Henry Farrell and Abraham L. Newman in Foreign Affairs:
[Thomas] Friedman was right that a globalized world had arrived but wrong about what that world would look like. Instead of liberating governments and businesses, globalization entangled them. As digital networks, financial flows, and supply chains stretched across the globe, states—especially the United States—started treating them as webs in which to trap one another. Today, the U.S. National Security Agency lurks at the heart of the Internet, listening in on all kinds of communications. The U.S. Department of the Treasury uses the international financial system to punish rogue states and errant financial institutions. In service of its trade war with China, Washington has tied down massive firms and entire national economies by targeting vulnerable points in global supply chains. Other countries are in on the game, too: Japan has used its control over key industrial chemicals to hold South Korea’s electronics industry for ransom, and Beijing might eventually be able to infiltrate the world’s 5G communications system through its access to the Chinese telecommunications giant Huawei.

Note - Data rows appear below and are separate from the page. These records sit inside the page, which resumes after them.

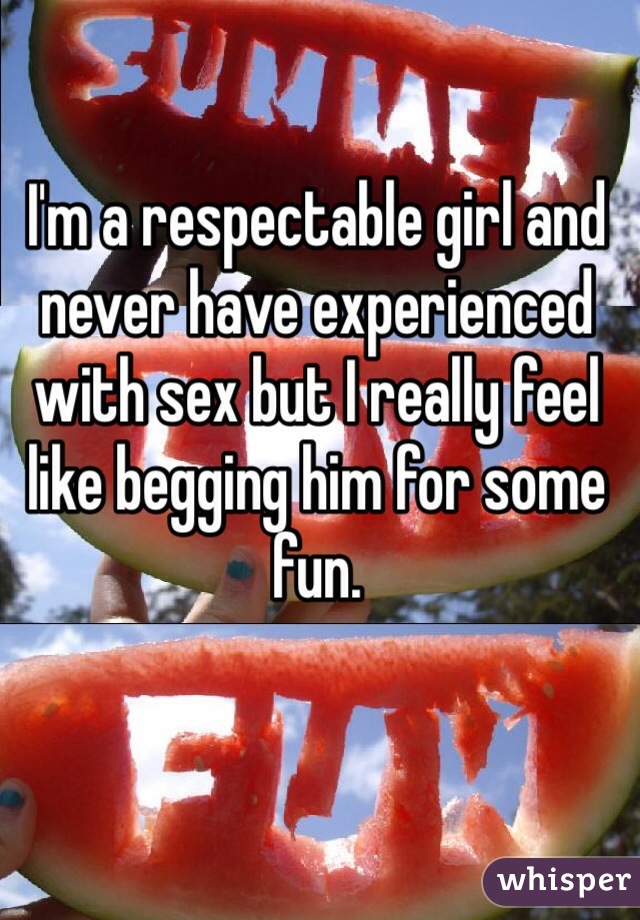 I'm a respectable girl and never have experienced with sex but I really feel like begging him for some fun. 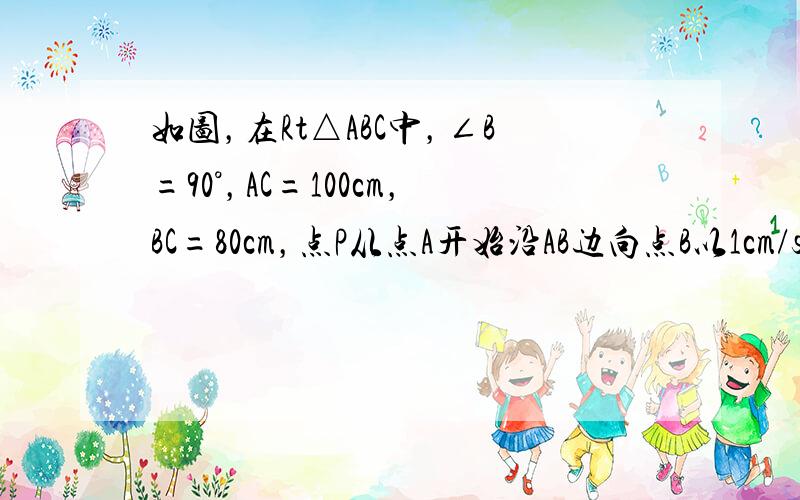 如图，在Rt△ABC中，∠B=90°，AC=100cm，BC=80cm，点P从点A开始沿AB边向点B以1cm/s的速度运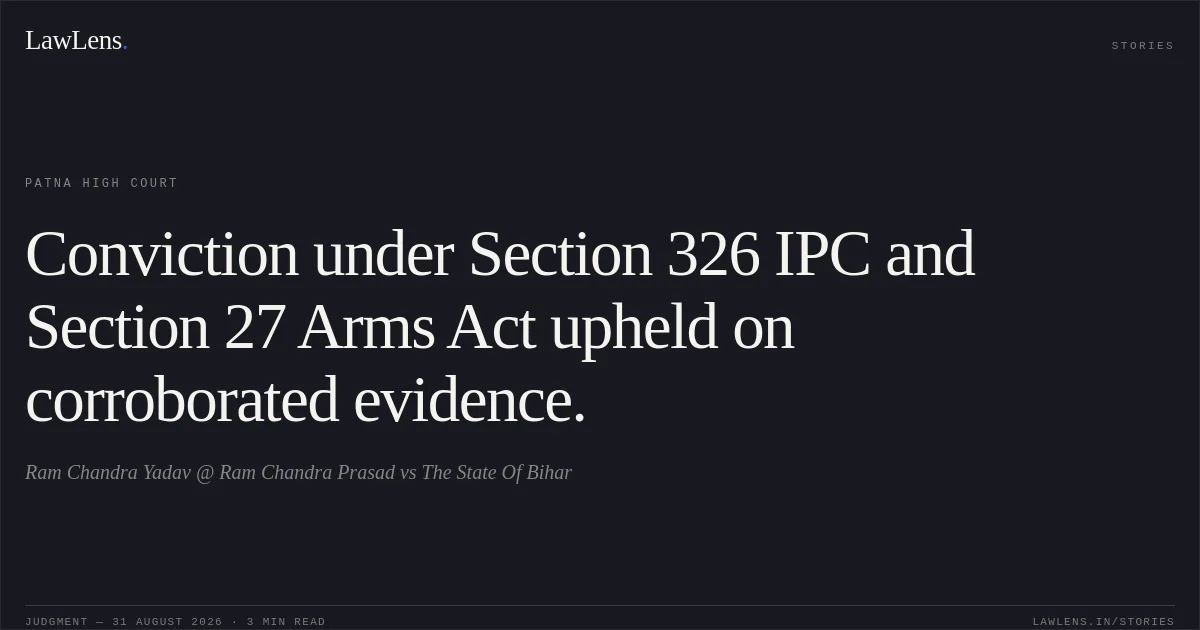 Conviction under Section 326 IPC and Section 27 Arms Act upheld on corroborated evidence.. Ram Chandra Yadav @ Ram Chandra Prasad vs The State Of Bihar. Patna High Court. LawLens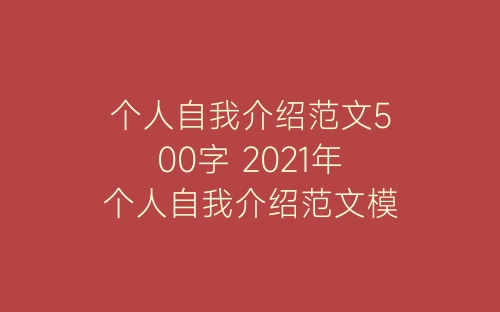 个人自我介绍范文500字 2021年个人自我介绍范文模板-春林公文网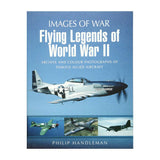 Images of War Flying Legends of World War Two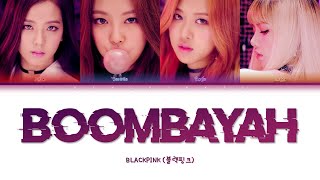 BLACKPINK (블랙 핑크) - 'BOOMBAYAH' Lyrics (Color coded)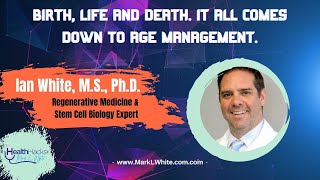Birth, Life & Death. It All Comes Down To Age Management ft. Ian White, M.S., Ph.D.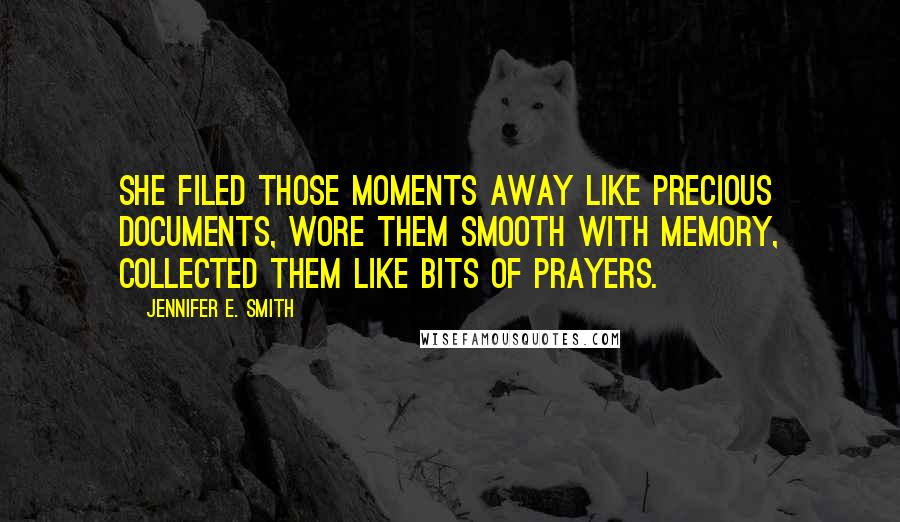 Jennifer E. Smith Quotes: She filed those moments away like precious documents, wore them smooth with memory, collected them like bits of prayers.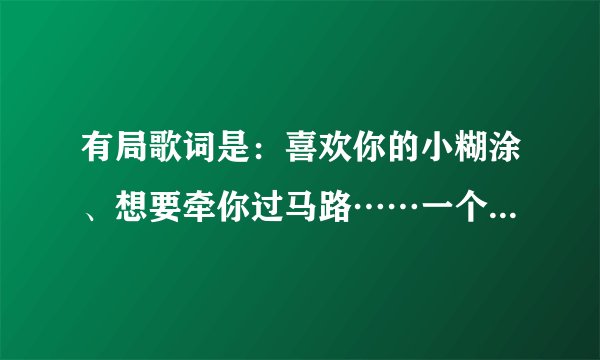 有局歌词是：喜欢你的小糊涂、想要牵你过马路……一个男生唱的，求歌名。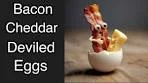 Bacon Cheddar Deviled Eggs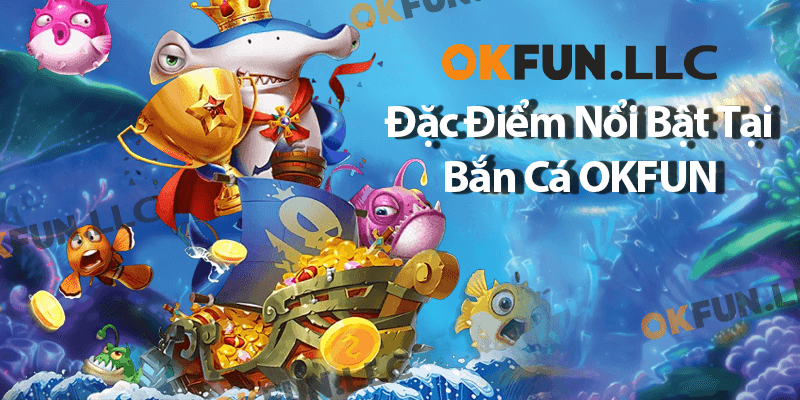 Đặc điểm nổi bật của Bắn Cá OKFUN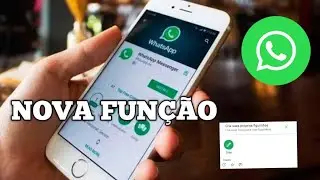 NOVA FUNÇÃO!! Nova Atualização do WhatsApp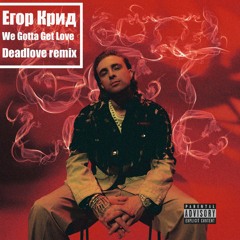 Егор Крид - We Gotta Get Love (Deadlove Remix)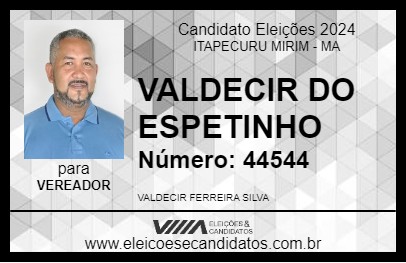 Candidato VALDECIR DO ESPETINHO 2024 - ITAPECURU MIRIM - Eleições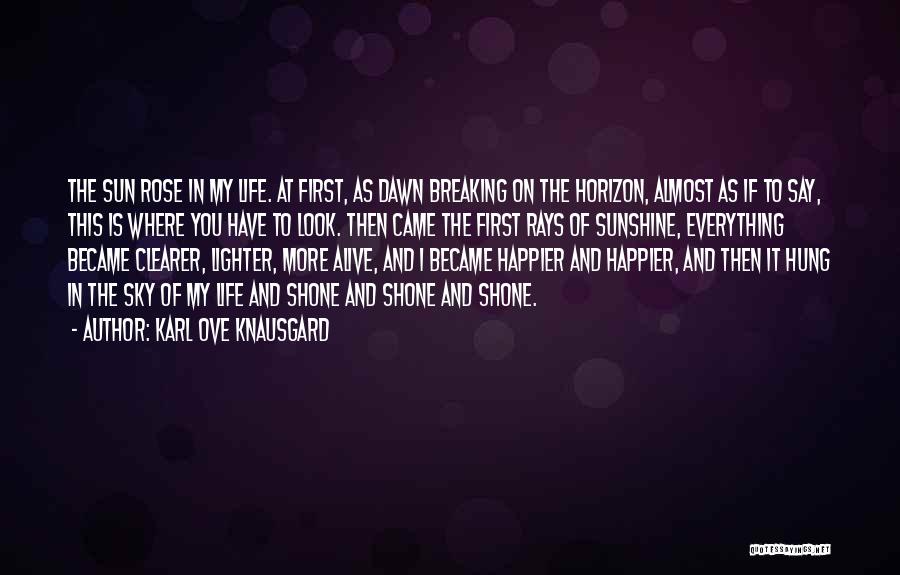 Karl Ove Knausgard Quotes: The Sun Rose In My Life. At First, As Dawn Breaking On The Horizon, Almost As If To Say, This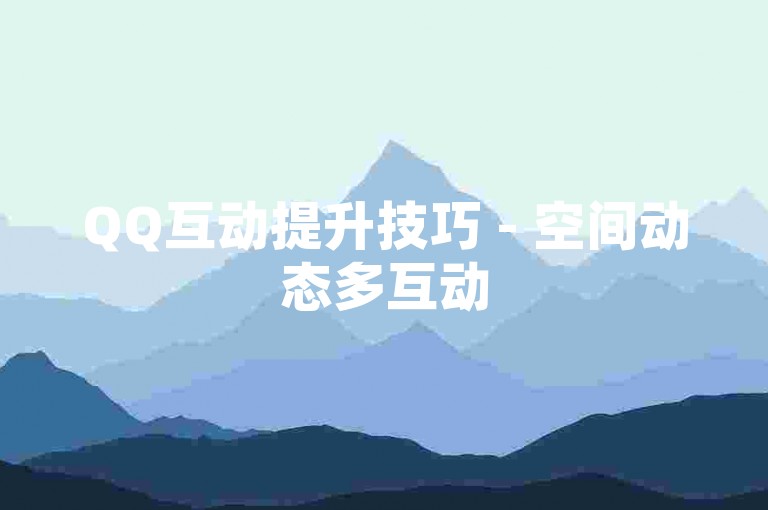 QQ互动提升技巧 - 空间动态多互动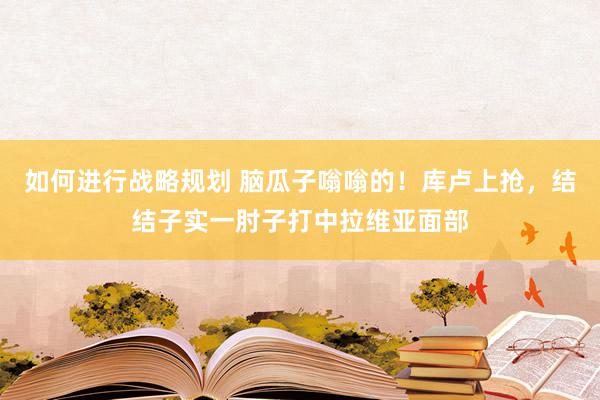 如何进行战略规划 脑瓜子嗡嗡的！库卢上抢，结结子实一肘子打中拉维亚面部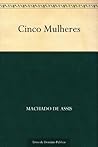 Cinco Mulheres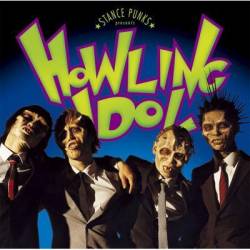 Stance Punks : Howling Idol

Globalization, in short, has proved to be not a force for liberation but a new source of vulnerability, competition, and control; networks have proved to be less paths to freedom than new sets of chains. Governments and societies, however, have come to understand this reality far too late to reverse it. In the past few years, Beijing and Washington have been just the most visible examples of governments recognizing how many dangers come with interdependence and frantically trying to do something about it. But the economies of countries such as China and the United States are too deeply entwined to be separated—or “decoupled”—without causing chaos.